[Opening DATASET CONTENT section]

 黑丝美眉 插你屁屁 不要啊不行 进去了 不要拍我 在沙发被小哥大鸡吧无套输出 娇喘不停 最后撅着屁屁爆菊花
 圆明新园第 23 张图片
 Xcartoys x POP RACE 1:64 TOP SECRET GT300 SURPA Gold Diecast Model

[Closing DATASET CONTENT section]
[Opening DATASET CONTENT section]

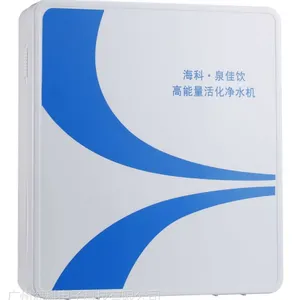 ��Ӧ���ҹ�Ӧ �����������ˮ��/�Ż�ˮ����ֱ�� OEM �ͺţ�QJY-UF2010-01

[Closing DATASET CONTENT section]
[Opening DATASET CONTENT section]

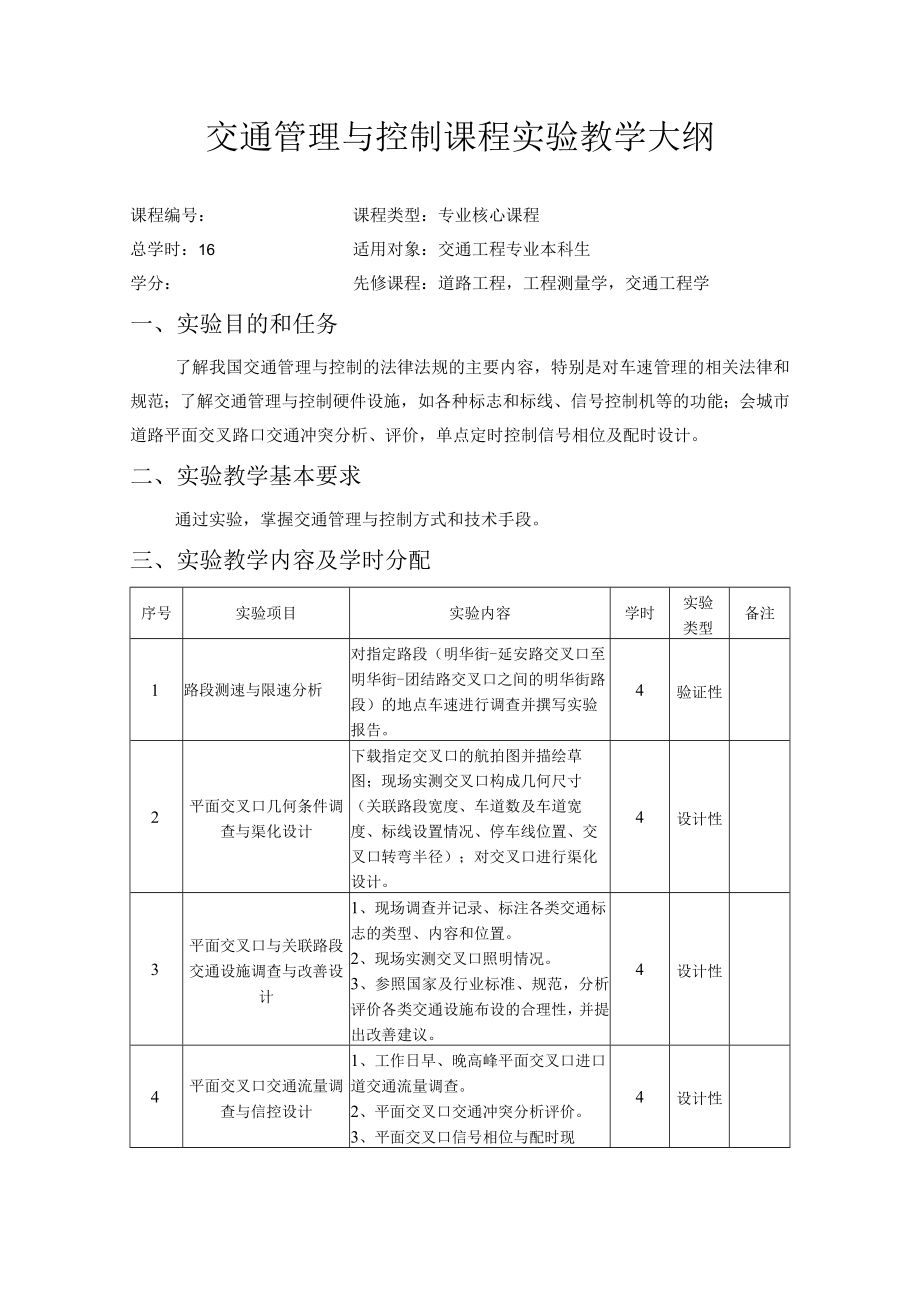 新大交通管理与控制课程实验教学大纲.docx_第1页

[Closing DATASET CONTENT section]

- WHAT THE TASK ASKS: Using the data above, reproduce exactly the lines from the line that contains "圆明新园第 23 张图片" through the line that contains "Xcartoys x POP", including both.

- SOLUTION:
 圆明新园第 23 张图片
 Xcartoys x POP RACE 1:64 TOP SECRET GT300 SURPA Gold Diecast Model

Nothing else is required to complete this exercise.